Although as a youth he strongly resisted his father’s ministerial urgings, King eventually began assisting his father at Ebenezer Baptist Church. In 1959, King graduated from Morehouse College, and that same year he left Ebenezer to become pastor of Mount Vernon First Baptist Church in Newnan, Georgia.

Civil Rights activism

Alfred King was arrested with King, Jr. and 70 others while participating in an October, 1960 lunch counter sit-in in Atlanta. In 1963, A.D. King became a leader of the Birmingham campaign while pastoring at First Baptist Church of Ensley in Birmingham, Alabama. On 11 May 1963, King’s house was bombed. In August, after a bomb exploded at the home of a prominent black lawyer in downtown Birmingham, outraged citizens poured into the city streets intent on revenge. As rocks were thrown at gathering policemen and the situation escalated. A. D. King climbed on top of a parked car and shouted to the rioters in an attempt to quell their fury: “My friends, we have had enough problems tonight. If you’re going to kill someone, then kill me. . . Stand up for your rights, but with nonviolence.” (“Bomb Hits Home in Birmingham”)

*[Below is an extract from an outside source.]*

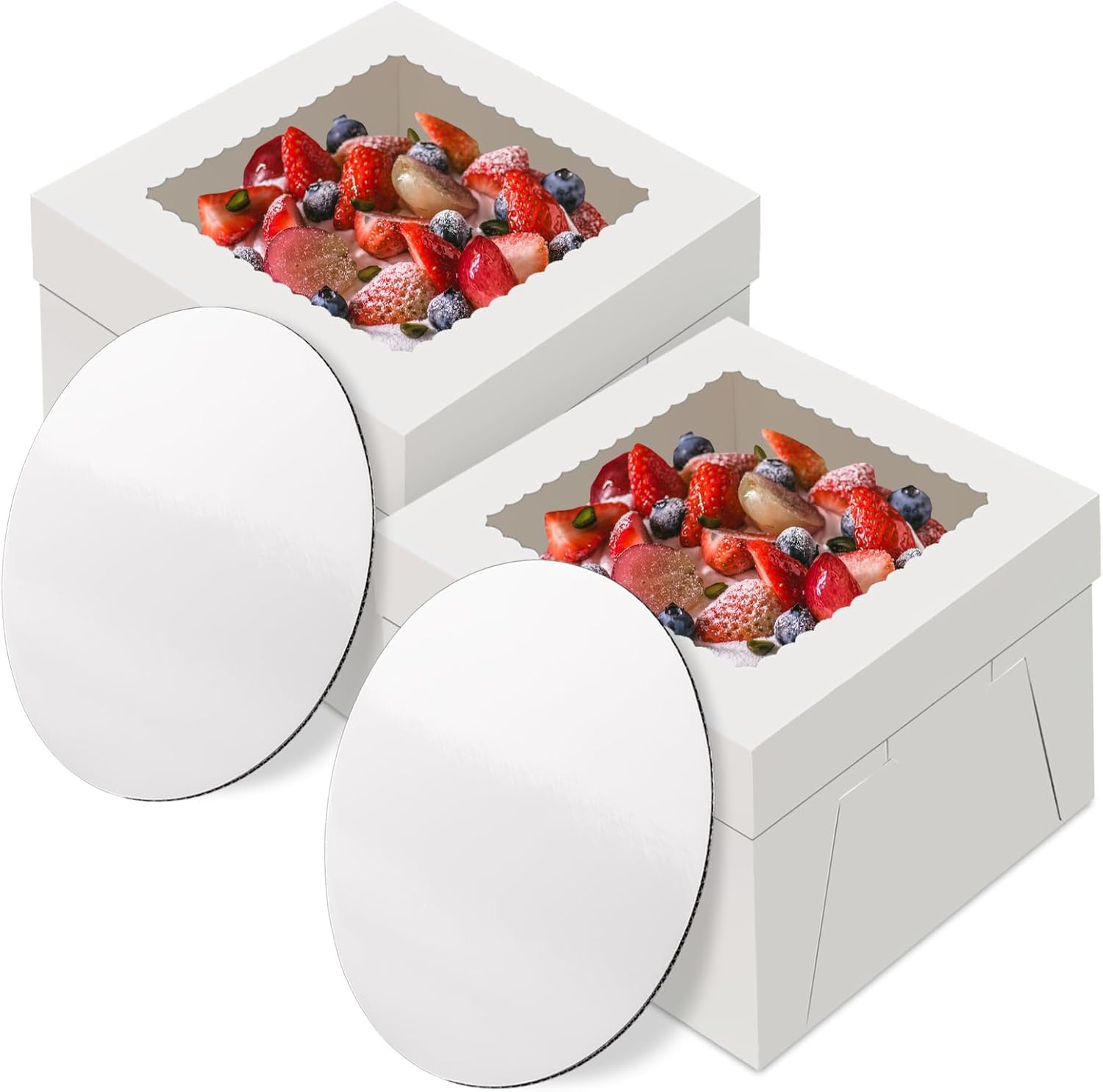 Cake Boxes with Cake Boards, 12 Inch Tall Cake Box, Disposable Cake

Like his brother, A.D. was a staunch believer in the importance of maintaining nonviolence in direct action campaigns. However, unlike his brother, A.D. was able to remain mostly outside of the media’s spotlight. As one of his associates said, “Not being in the limelight never seemed to affect him but because he stayed in the background, many people never knew that he was deeply involved, too” (Johnson, “A Rights Activist”).

Later life

In 1965, King moved to Louisville, Kentucky where he became pastor at Zion Baptist Church. While there, King continued to fight for civil rights and was successful in a 1968 campaign for an open-housing ordinance. After his brother's assassination in April 1968, there was speculation that A.D. might become president of the Southern Christian Leadership Conference (SCLC). A.D., however, made no effort to assume his brother’s role, although he did continue to be active in the Poor People's Campaign and in other work on behalf of SCLC.

Following the death of Martin, A.D. King returned to Ebenezer Baptist Church and, in September 1968, was installed as co-pastor. He was praised by his father as “an able preacher, a concerned, loving pastor.”

A.D. King was found dead in the pool at his home on July 21, 1969, at the age of 38. The cause of his death was listed as a suicide by drowning. [1][2][3][4][5]

References

  1. ^ "The Rev. A. D. Williams King". Time. 1969-08-01. http://www.time.com/time/magazine/article/0,9171,901197,00.html. Retrieved 2007-11-01. 
  2. ^ "Bomb Hits Home in Birmingham". New York Times. 1963-08-01. 
  3. ^ "Introduction in Papers". Introduction in Papers 1:26; 43.. 
  4. ^ "A Rights Activist". Thomas A. Johnson, New York Times. 1969-07-22. 
  5. ^ "Daddy King". King, Sr., with Riley. 1980.